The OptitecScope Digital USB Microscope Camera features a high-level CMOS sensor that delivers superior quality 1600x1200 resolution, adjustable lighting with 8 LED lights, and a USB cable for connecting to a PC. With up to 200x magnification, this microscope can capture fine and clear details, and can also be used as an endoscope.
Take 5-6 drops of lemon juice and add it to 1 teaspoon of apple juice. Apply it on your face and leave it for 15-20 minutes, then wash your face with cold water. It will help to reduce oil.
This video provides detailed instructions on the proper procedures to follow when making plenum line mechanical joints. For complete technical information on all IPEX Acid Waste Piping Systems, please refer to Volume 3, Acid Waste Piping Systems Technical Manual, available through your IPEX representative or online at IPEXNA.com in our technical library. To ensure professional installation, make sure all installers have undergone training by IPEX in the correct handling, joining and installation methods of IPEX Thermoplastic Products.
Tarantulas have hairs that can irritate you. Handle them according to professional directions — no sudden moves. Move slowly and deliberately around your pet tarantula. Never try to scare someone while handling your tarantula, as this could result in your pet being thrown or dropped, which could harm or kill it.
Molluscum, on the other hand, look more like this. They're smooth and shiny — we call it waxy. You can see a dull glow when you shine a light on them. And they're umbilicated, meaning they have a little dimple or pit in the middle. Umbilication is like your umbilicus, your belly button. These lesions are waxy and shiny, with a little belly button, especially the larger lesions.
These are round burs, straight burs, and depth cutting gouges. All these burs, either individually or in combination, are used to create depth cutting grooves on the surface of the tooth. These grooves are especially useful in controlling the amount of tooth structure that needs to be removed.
============
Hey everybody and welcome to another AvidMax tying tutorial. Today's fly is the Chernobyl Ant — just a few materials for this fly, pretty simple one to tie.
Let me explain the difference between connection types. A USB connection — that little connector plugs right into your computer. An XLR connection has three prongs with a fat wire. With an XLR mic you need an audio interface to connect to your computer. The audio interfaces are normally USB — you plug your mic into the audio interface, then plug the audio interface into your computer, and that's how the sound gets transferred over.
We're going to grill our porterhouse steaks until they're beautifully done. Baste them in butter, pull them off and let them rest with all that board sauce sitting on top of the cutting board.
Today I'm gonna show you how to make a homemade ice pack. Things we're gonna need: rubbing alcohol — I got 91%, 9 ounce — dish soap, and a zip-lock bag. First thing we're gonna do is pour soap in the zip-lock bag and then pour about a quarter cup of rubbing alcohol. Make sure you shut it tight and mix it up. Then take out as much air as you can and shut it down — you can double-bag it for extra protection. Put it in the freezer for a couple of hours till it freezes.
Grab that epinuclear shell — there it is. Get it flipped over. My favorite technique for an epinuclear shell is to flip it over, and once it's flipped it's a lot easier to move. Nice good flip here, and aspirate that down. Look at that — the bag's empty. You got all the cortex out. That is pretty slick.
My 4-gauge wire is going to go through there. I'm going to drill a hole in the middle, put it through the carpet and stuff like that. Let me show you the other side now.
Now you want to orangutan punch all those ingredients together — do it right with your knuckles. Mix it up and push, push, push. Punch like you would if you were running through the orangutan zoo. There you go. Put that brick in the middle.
============
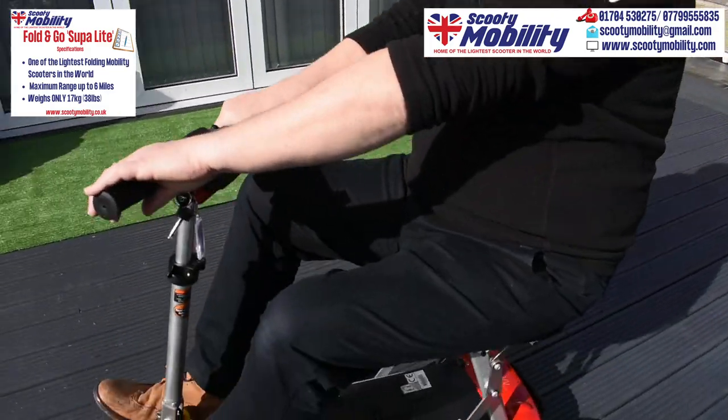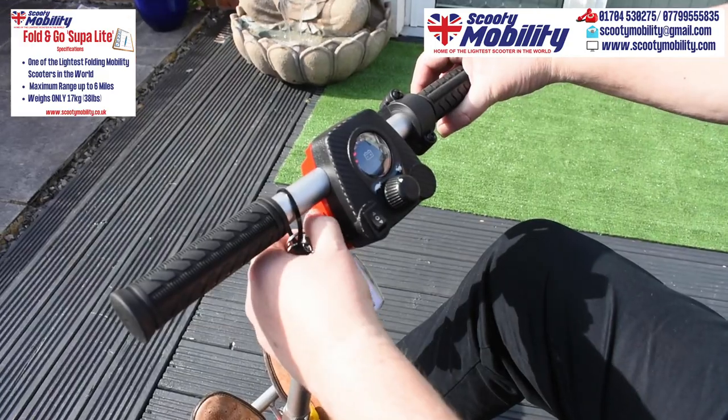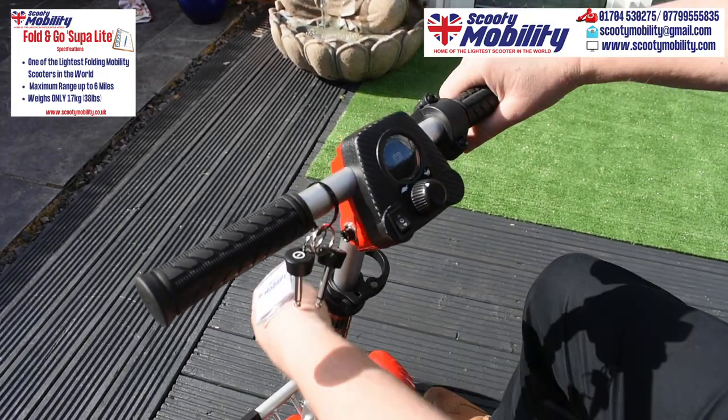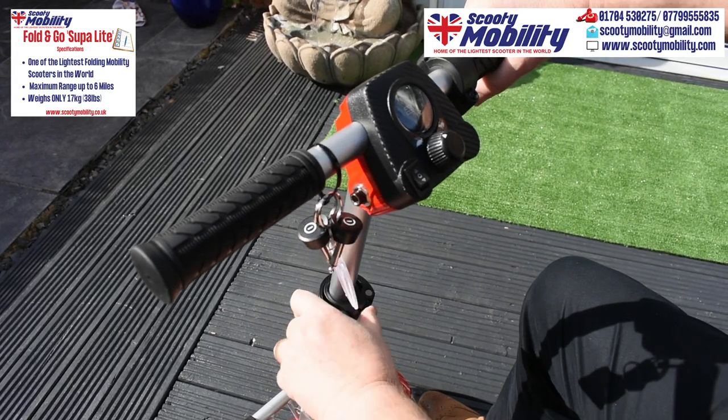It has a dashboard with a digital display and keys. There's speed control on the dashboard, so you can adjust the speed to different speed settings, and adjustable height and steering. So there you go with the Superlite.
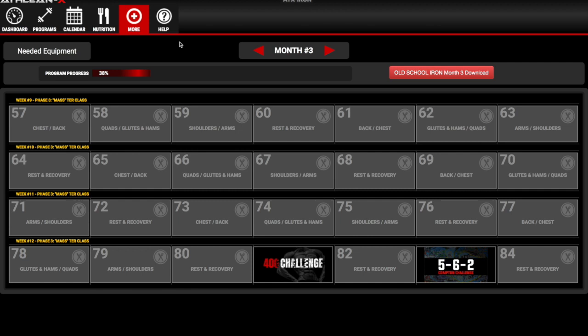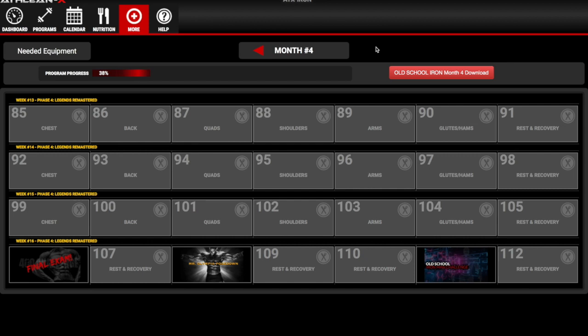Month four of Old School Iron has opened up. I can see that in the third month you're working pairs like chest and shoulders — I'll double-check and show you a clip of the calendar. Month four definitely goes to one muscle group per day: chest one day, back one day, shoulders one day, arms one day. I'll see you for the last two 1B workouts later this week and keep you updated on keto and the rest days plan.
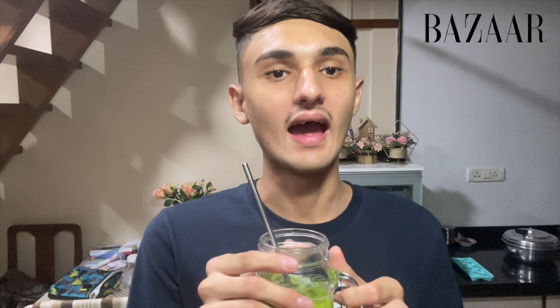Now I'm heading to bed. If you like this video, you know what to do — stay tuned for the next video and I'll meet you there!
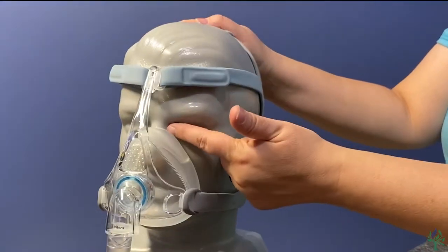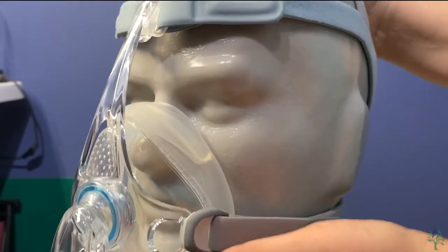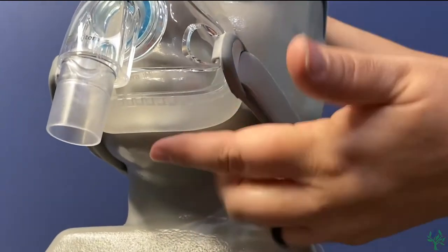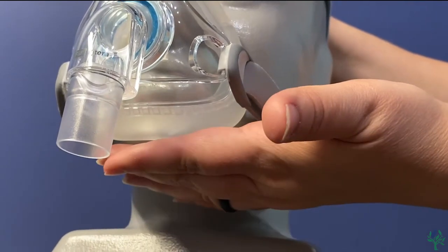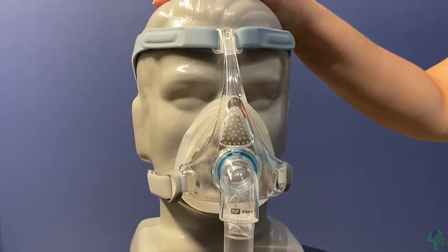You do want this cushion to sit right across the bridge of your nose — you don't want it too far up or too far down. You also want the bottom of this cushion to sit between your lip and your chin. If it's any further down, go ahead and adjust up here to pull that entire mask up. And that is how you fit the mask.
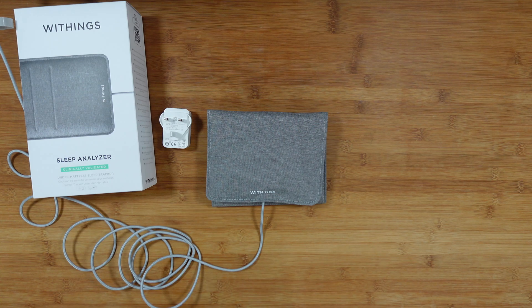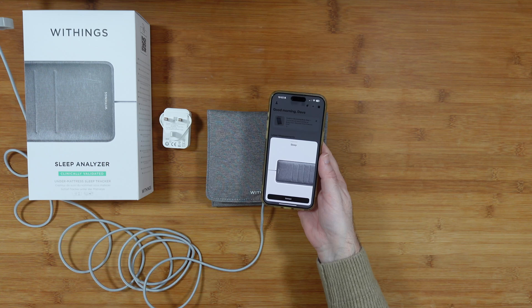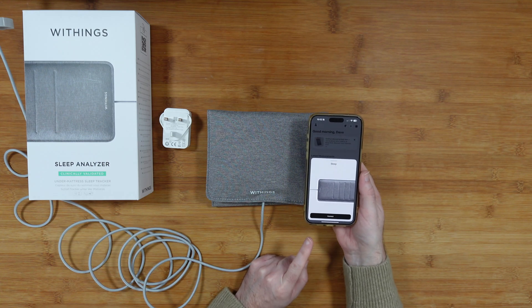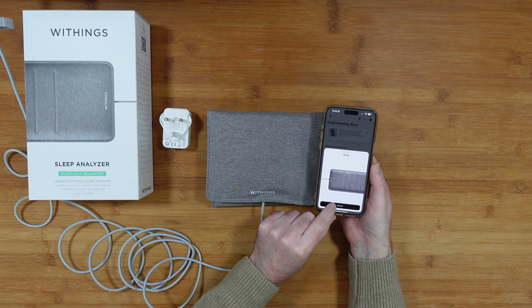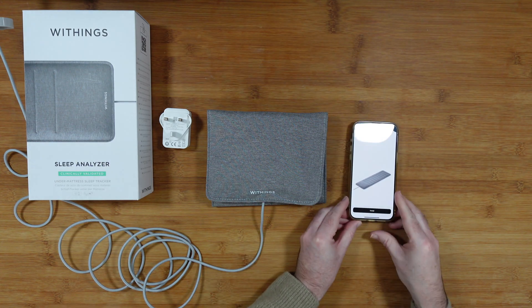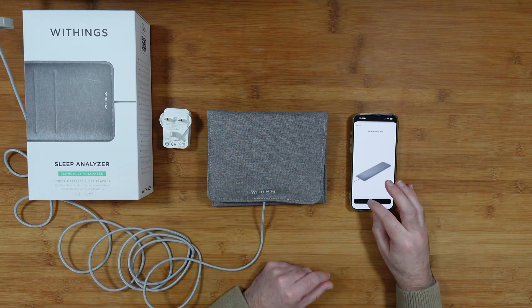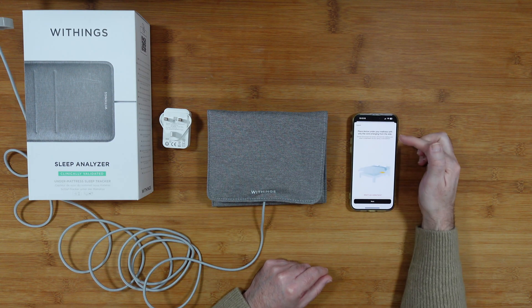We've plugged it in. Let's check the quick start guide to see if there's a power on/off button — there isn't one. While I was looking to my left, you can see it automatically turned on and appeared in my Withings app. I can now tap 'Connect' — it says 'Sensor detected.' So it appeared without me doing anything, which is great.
============
## [What the exercise asks]
Reproduce the lines above, beginning at the line with "This video provides" and stopping after the line with "These are round", exactly as they are.

## [Reply]
This video provides detailed instructions on the proper procedures to follow when making plenum line mechanical joints. For complete technical information on all IPEX Acid Waste Piping Systems, please refer to Volume 3, Acid Waste Piping Systems Technical Manual, available through your IPEX representative or online at IPEXNA.com in our technical library. To ensure professional installation, make sure all installers have undergone training by IPEX in the correct handling, joining and installation methods of IPEX Thermoplastic Products.
Tarantulas have hairs that can irritate you. Handle them according to professional directions — no sudden moves. Move slowly and deliberately around your pet tarantula. Never try to scare someone while handling your tarantula, as this could result in your pet being thrown or dropped, which could harm or kill it.
Molluscum, on the other hand, look more like this. They're smooth and shiny — we call it waxy. You can see a dull glow when you shine a light on them. And they're umbilicated, meaning they have a little dimple or pit in the middle. Umbilication is like your umbilicus, your belly button. These lesions are waxy and shiny, with a little belly button, especially the larger lesions.
These are round burs, straight burs, and depth cutting gouges. All these burs, either individually or in combination, are used to create depth cutting grooves on the surface of the tooth. These grooves are especially useful in controlling the amount of tooth structure that needs to be removed.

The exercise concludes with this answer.